Se acerca el 8 de marzo: un día (como otro cualquiera) para celebrar/defender/reivindicar a las mujeres frente al sistema patriarcal, que saca de paseo cifras de género una vez al año. Lo grave es que en 2016 sigue siendo necesario este subrayado en el calendario: no voy a escribir esta vez números de mujeres asesinadas, maltratadas, torturadas, sometidas, humilladas, esclavizadas, violadas, mutiladas, acosadas, marginadas, olvidadas o cosificadas por el hecho de ser mujeres. Estoy harta de las cifras y también de los minutos de silencio institucionales cada vez que en España un varón acuchilla, dispara, ahoga o revienta a una mujer que es o fue (o no quiso ser) su pareja, sin o con menores de por medio (asesinados o heridos de por vida) y muchas veces, con órdenes de alejamiento empapadas luego en sangre. Tenemos que cambiar la forma de denunciar este terrorismo doméstico: no puede ser una guerra silenciosa, un tabú en la puerta de al lado. Por ejemplo, más ruidoso (y más efectivo): la reacción de Alejandro Sanz en uno de sus conciertos (en México: tantas mujeres-fantasma), cuando se bajó del escenario para decir a un varón que a una mujer no se le pega. No se me ocurre mejor campaña de concienciación.
La desigualdad entre géneros se repara desde la educación y desde la política y se combate desde los escenarios del día a día, nuestros actos/actitudes y el lenguaje que nos hace y también desde el arte. Ya lo sabemos: las canciones, las películas, los anuncios de televisión, las revistas de moda, los diarios o las vallas publicitarias son atriles desde donde se construyen realidades como la desigualdad de género, que no es algo natural (como algunos aún hoy creen), sino que se trata de una construcción social y que, como tal, puede modificarse: también lo fue la esclavitud (lo sigue siendo, con nombres que riman con globalización) o lo fue y es el racismo. No se salvan los libros: la mujer que ha vivido en ellos, convertida en personaje desde el narrador masculino imperante, ha sido, en general y durante siglos, una mujer artificial, débil, sumisa o musa o bruja, pero alejada de la idea de individuo. Jean-Jacques Rousseau le puso palabras (y normas) a ese modelo de lo femenino en «Emilio» (1762): la mujer tenía que ser una cuidadora del varón y hacerle la vida agradable. El mensaje caló también entre los ilustrados, pero no podía permanecer si existe la evolución. Federico García Lorca fue uno de esos artistas que se bajó más tarde del escenario para señalar la brecha en sus tragedias: «Hilo y aguja para las hembras. Látigo y mula para el varón», sentenciaba la opresora en «La casa de Bernarda Alba» (1936). O lo que es lo mismo: ellas, relegadas al ámbito de lo privado, al interior de las casas, 'ángeles del hogar' (un rol limitado y reproductivo, silencioso, obedientes al padre primero y al marido después) y ellos, empujados a lo público y a la acción (otra imposición).
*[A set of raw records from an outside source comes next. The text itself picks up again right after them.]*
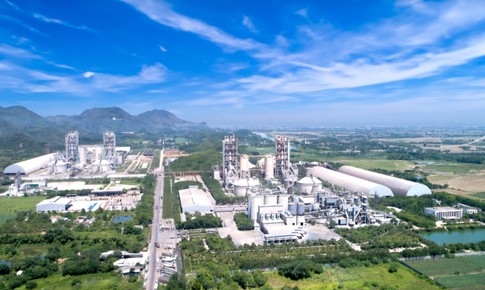 Công ty xi măng Long Sơn từ lịch sử hướng tới tương lai
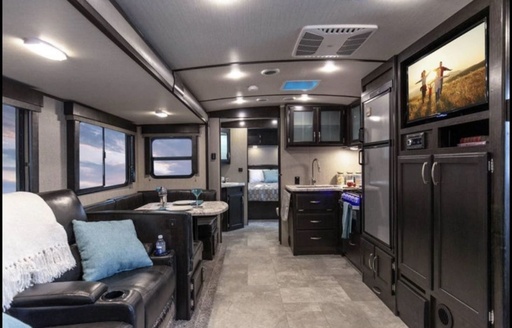 2019 Grand Design Imagine 3000QB Travel Trailer for rent in Royal City, WA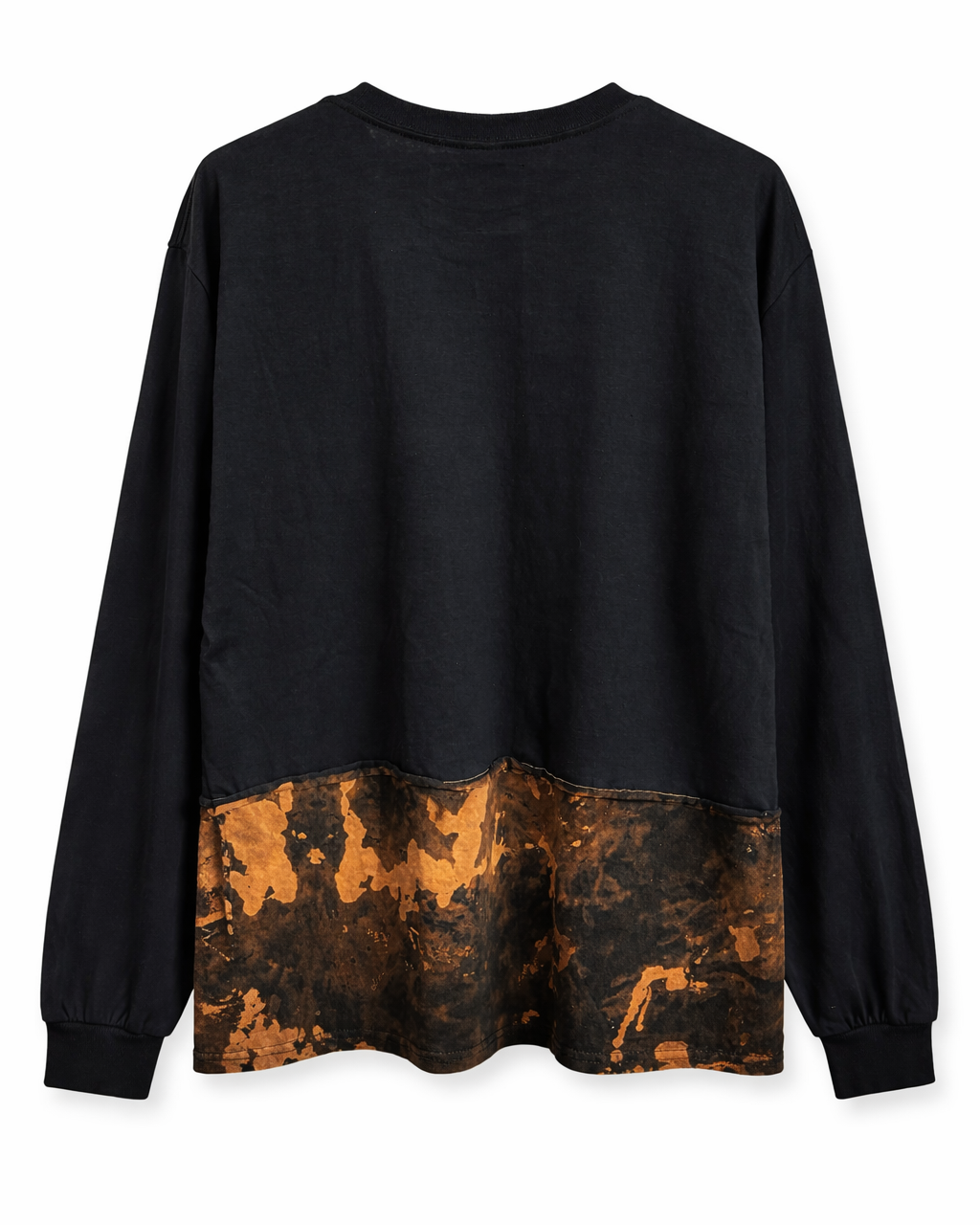 Black x Bleach Custom Long Sleeve
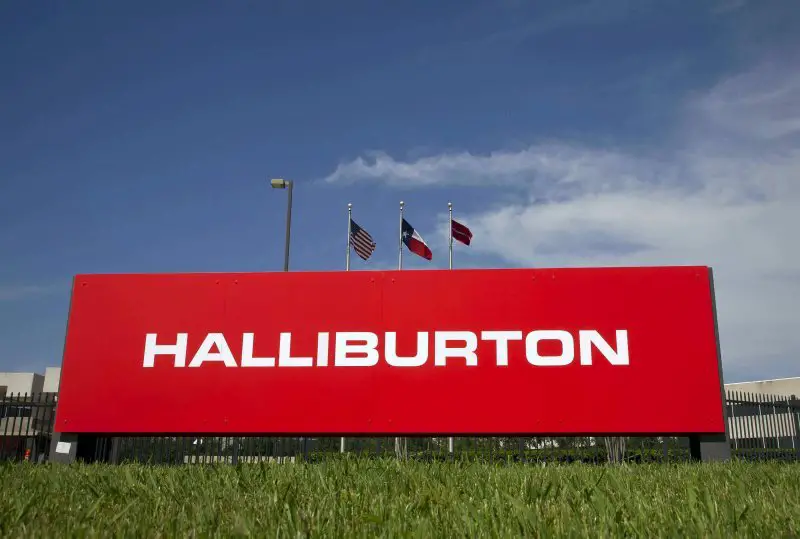 Accountant - Halliburton - STJEGYPT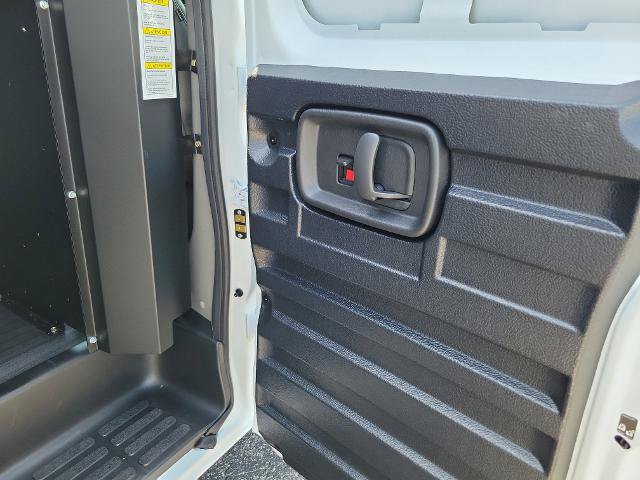 New 2025 Chevrolet Express 2500 w/ Driver Convenience Package RWD image 11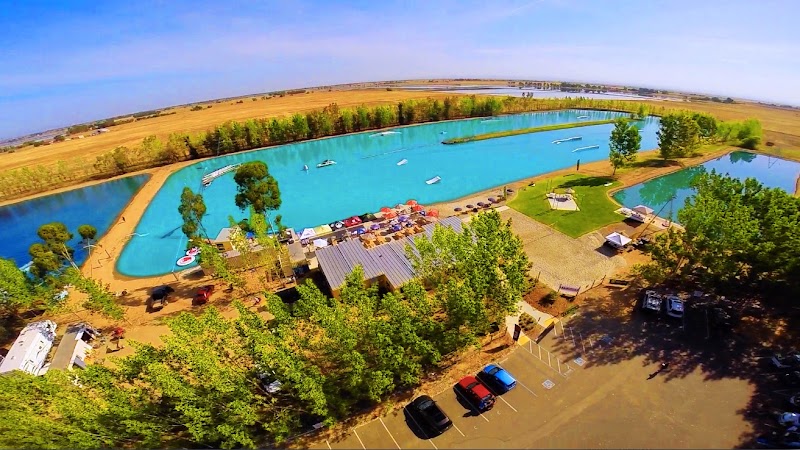 Wake Island Waterpark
Pero si hay un hito/casa que se cita como primera obra teatral feminista y emblema de la emancipación de la mujer es «Casa de muñecas», del noruego Henrik Ibsen. La escribió en 1879 y él no la consideró feminista pero se convirtió, con el portazo final de Nora (la protagonista), en el símbolo de la rebeldía contra una sociedad que concebía a la mujer como mascota, mujer-alondra (con alas pero enjaulada). Ibsen se basó en un hecho real de una joven escritora llamada Laura Smith Patersen (luego, diluida en el apellido del marido, fue Laura Kieler) que, igual que Nora, pidió un préstamo y cometió fraude para salvar a su esposo enfermo. Cuando la estafa se descubrió, él pidió el divorcio y la custodia de los hijos: aunque Laura no dio un portazo como Nora, sino que, en su caso, acabó internada en un centro psiquiátrico: ganó el silencio. «Ante todo soy un ser humano con los mismos títulos que tú o, por lo menos, debo tratar de serlo. Sé que la mayoría de los hombres te darán la razón, Torvaldo, y que esas ideas están impresas en los libros; pero ahora no puedo pensar en lo que dicen los hombres y en lo que se imprime en los libros. Necesito formarme mi idea respecto de esto y procurar darme cuenta de todo», le dice Nora a su marido. Así, «Casa de muñecas» no es solo una obra feminista (y muy recomendable), sino que trasciende como una metáfora de la persona rebelde (de cualquier género) que busca su visión del mundo: su libertad y su dignidad. Y es que hasta que no comprendamos que en la ruta de la igualdad estamos todos, que los varones también son víctimas del sistema patriarcal, que no caben más minutos de silencio y que contra el machismo estamos todas, no habrá portazo posible.